Introducing Crawler 2.0 – The Next Generation Ads.Txt Crawler at PubMatic

Chaitanya Gawande's headshot
By Chaitanya Gawande, Software Engineer, Programmatic Direct
March 30, 2023

In the digital advertising industry, fraud and domain spoofing are major concerns for both publishers and buyers. To combat this issue, the Interactive Advertising Bureau Tech Lab introduced the ads.txt initiative. This file format allows publishers to publicly list companies authorized to sell their digital inventory, making it easier for buyers to verify if the company they are buying from is, indeed, an authorized seller. PubMatic has taken this initiative to the next level by developing Crawler 2.0, a next generation ads.txt crawler. In this post, we will discuss the limitations of the existing system, the need for an event-driven architecture, and the design of Crawler 2.0.

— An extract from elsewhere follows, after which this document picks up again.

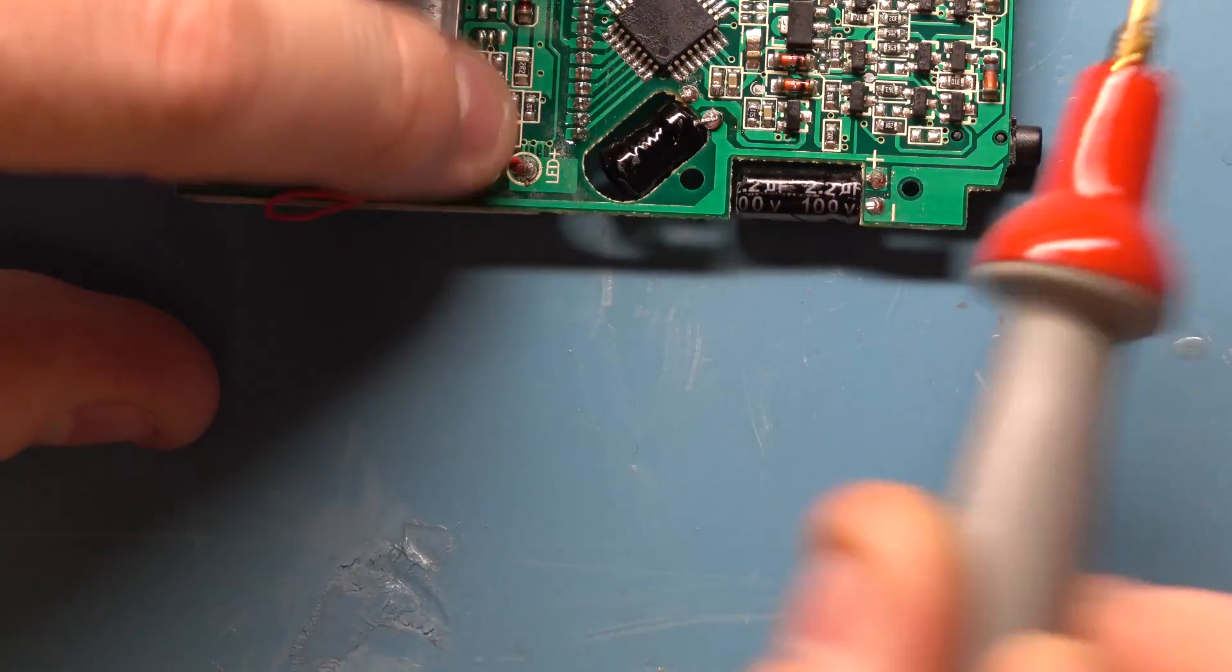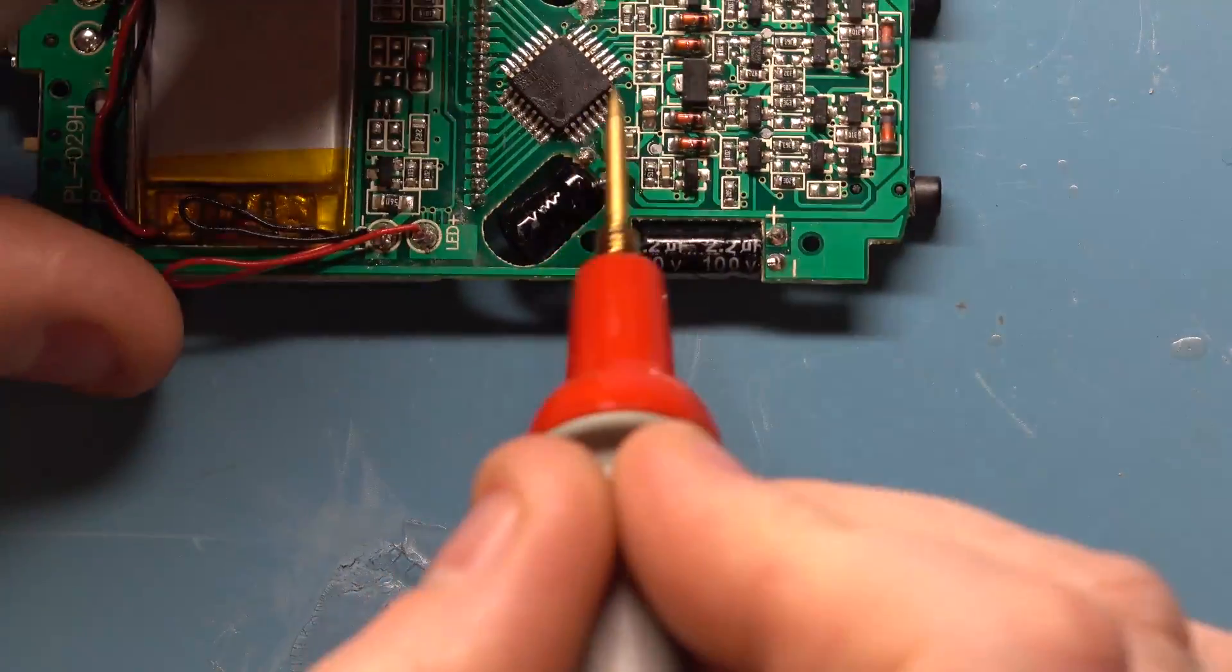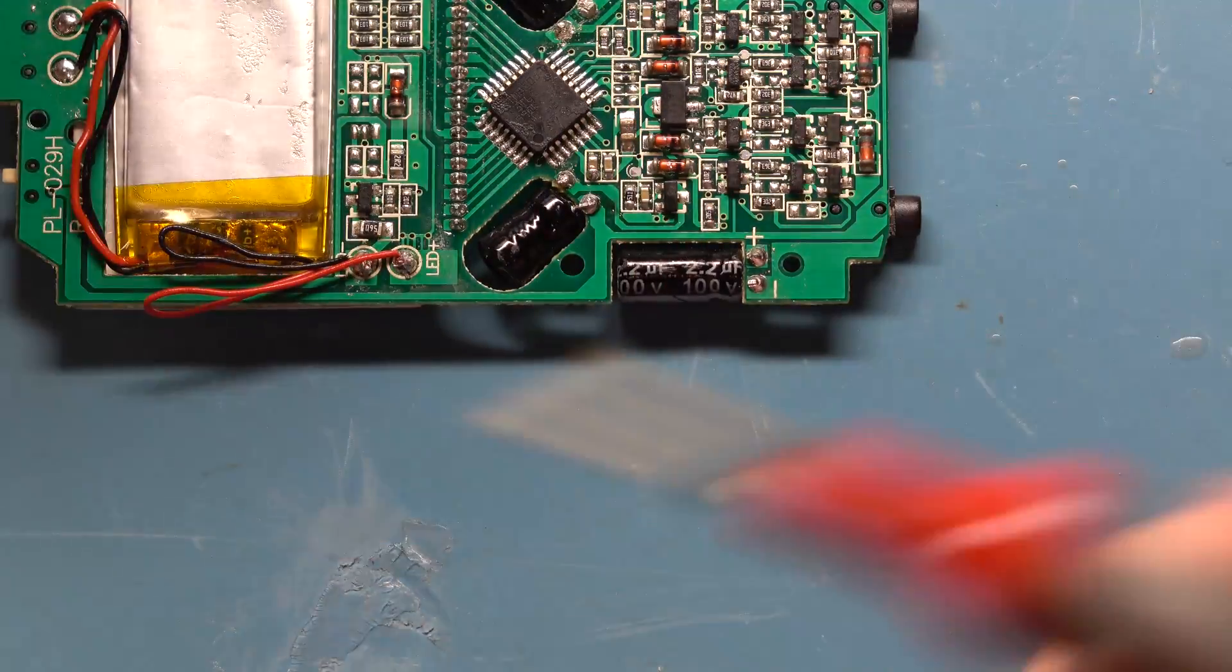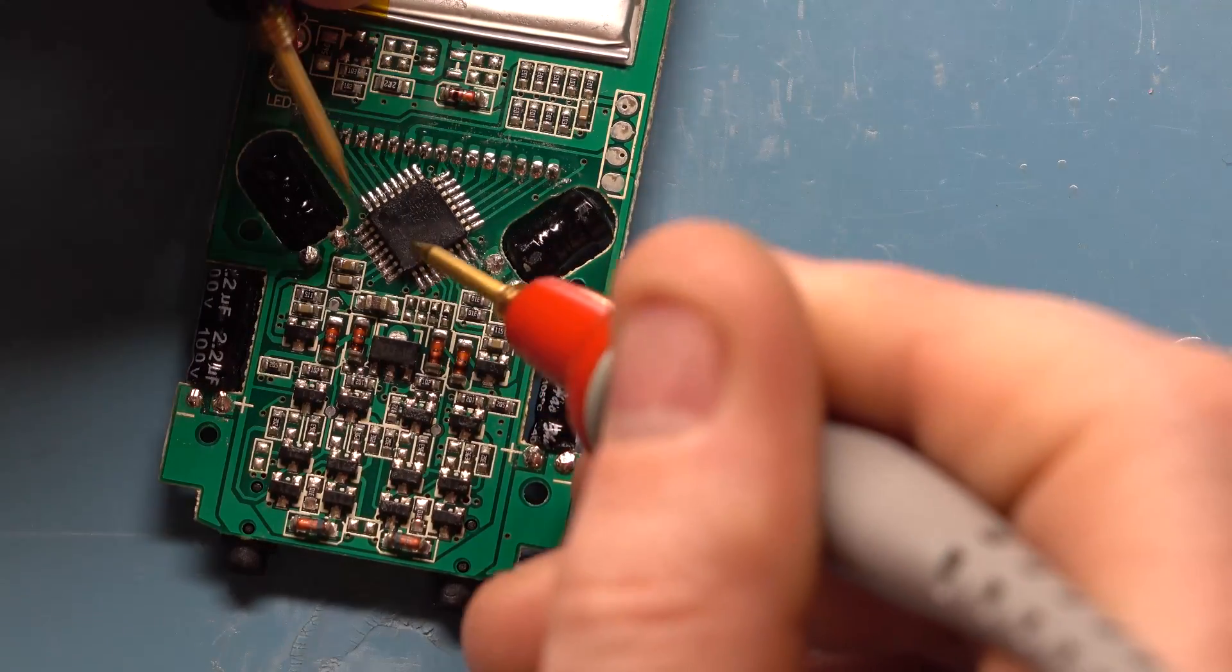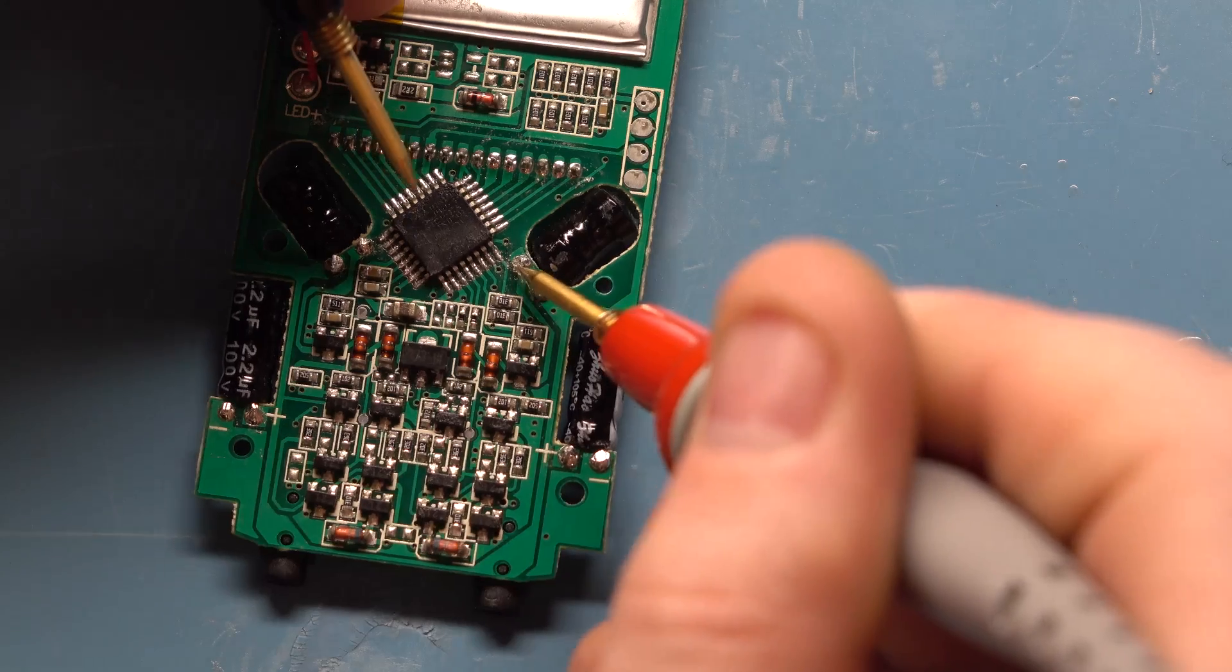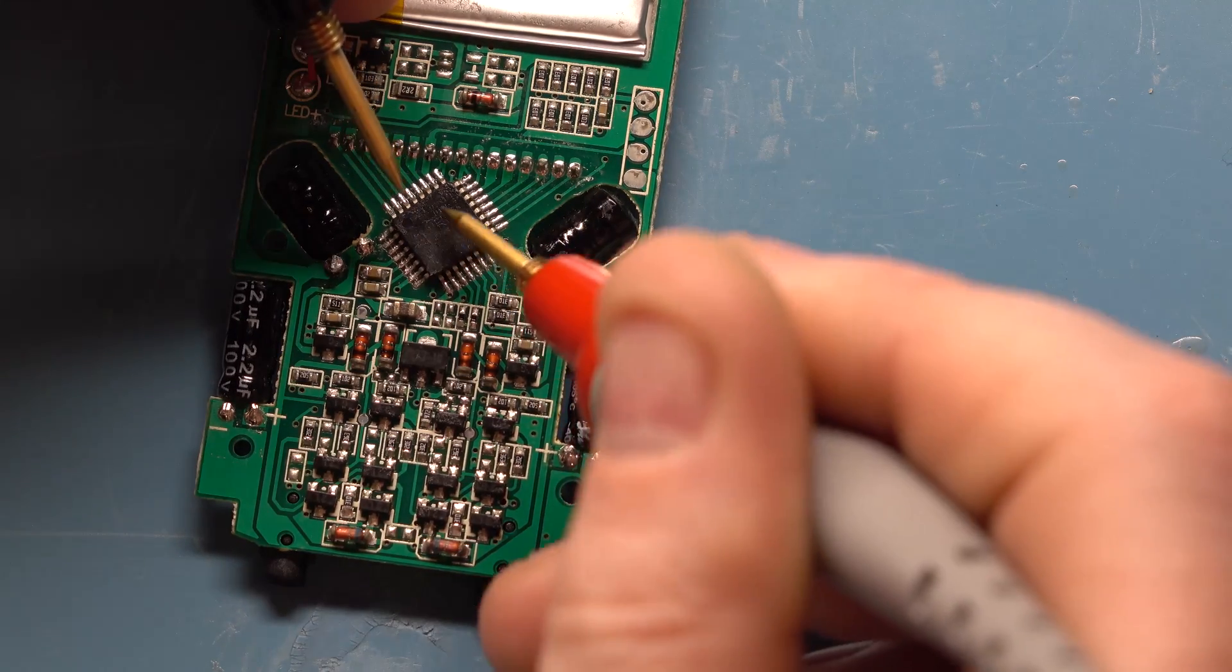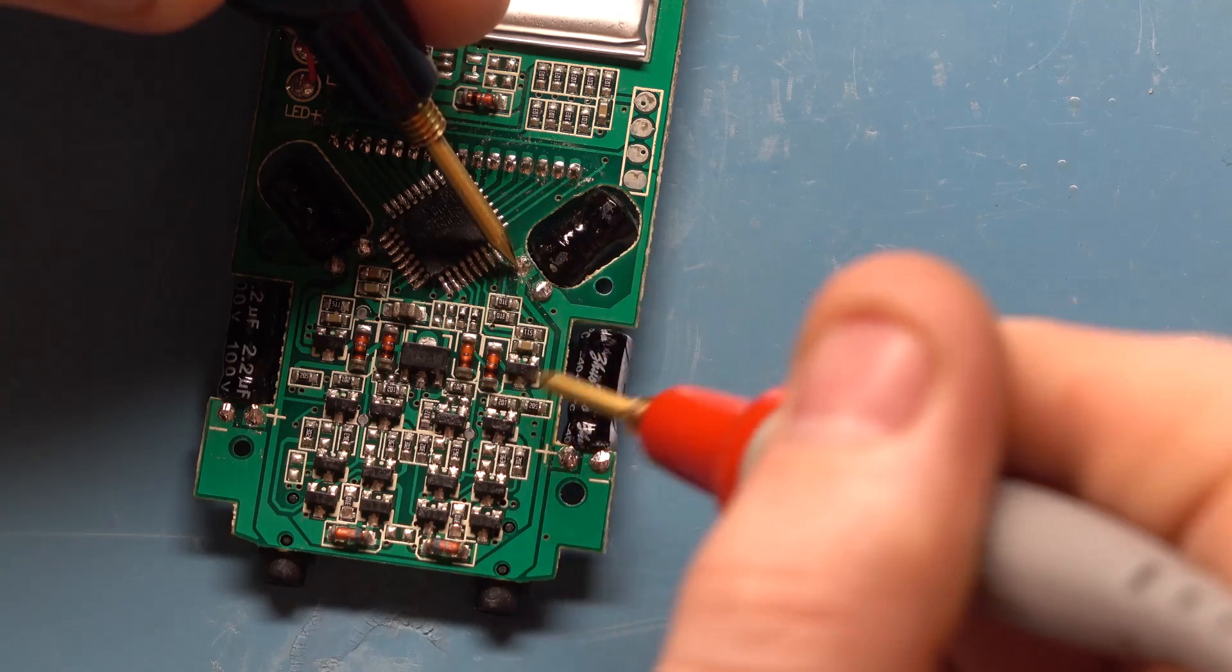So the inductors here are used to boost the voltage using a boost converter. We have a voltage regulator here that is supplying the inductor from the microcontroller, and this little circuit here is our boost converter.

Limitations of the Existing System

PubMatic’s first ads.txt crawler and filtering system was a great achievement, but the design of the system had some shortcomings, including high dependence on the database and a lack of resilience. The system relied heavily on the database, using an update + select process to retrieve domains for processing. This could result in database locks and decreased performance. Additionally, the system was not equipped with fail-safe mechanisms, and any errors that occurred during domain retrieval would result in the domain being skipped until the next crawl.

Why Event-Driven Architecture

To overcome these limitations, PubMatic decided to switch to an event-driven architecture. This design pattern is based on the idea of triggering events based on specific actions and allowing the system to respond in real-time. This pattern is especially useful in situations where there is a need to process large amounts of data quickly and efficiently.

Design of Crawler 2.0

Crawler 2.0 has four main components: Watcher, Distributor, Loader, and Parser and Saver.

A flow-chart of Crawler 2.0's design

The Watcher regularly checks the crawler’s progress and asks the Distributor to crawl ads.txt files for the domains if necessary. The Distributor component is designed to be lightweight and fast, and it adds domain data to a Kafka topic. This allows each crawler to know the domains it needs to process, preventing row contention. The Loader component loads the ads.txt data and pushes its contents to another Kafka topic. The parsing and saving operations are decoupled so that they can be scaled independently. In the event of any failures during the addition of the batch to the Kafka topic, we implement retries every hour to ensure a robust system. To address the issue of large payloads in Kafka, we have created and implemented a solution that reduces the size of the payload by 90% improving the processing of ads.txt files for domains that are loaded in batches and to maintain the resilience of our system.

Scaling

The process of scaling Crawler 2.0 has become notably simpler, facilitating the growth of domains and apps on the PubMatic platform. This can be achieved by increasing the number of partitions in the Kafka topic and increasing the number of pods for the Loader and Parser.

Monitoring and Alerting

To ensure that the system is operational 24/7, PubMatic has put in place a monitoring and alert system that drives the successful crawling of all domains and the proper handling of any failures.

Crawler 2.0 is a next generation ads.txt crawler that addresses the limitations of the previous system and provides a real-time solution for publishers and buyers to combat domain spoofing. With its event-driven architecture, the system can process large amounts of data quickly and efficiently.